Data —
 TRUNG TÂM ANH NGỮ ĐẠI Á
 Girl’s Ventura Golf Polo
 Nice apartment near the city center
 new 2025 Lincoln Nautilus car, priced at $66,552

Exercise requirements — Can you give every line above again, exactly as written?

Task solution —
 TRUNG TÂM ANH NGỮ ĐẠI Á
 Girl’s Ventura Golf Polo
 Nice apartment near the city center
 new 2025 Lincoln Nautilus car, priced at $66,552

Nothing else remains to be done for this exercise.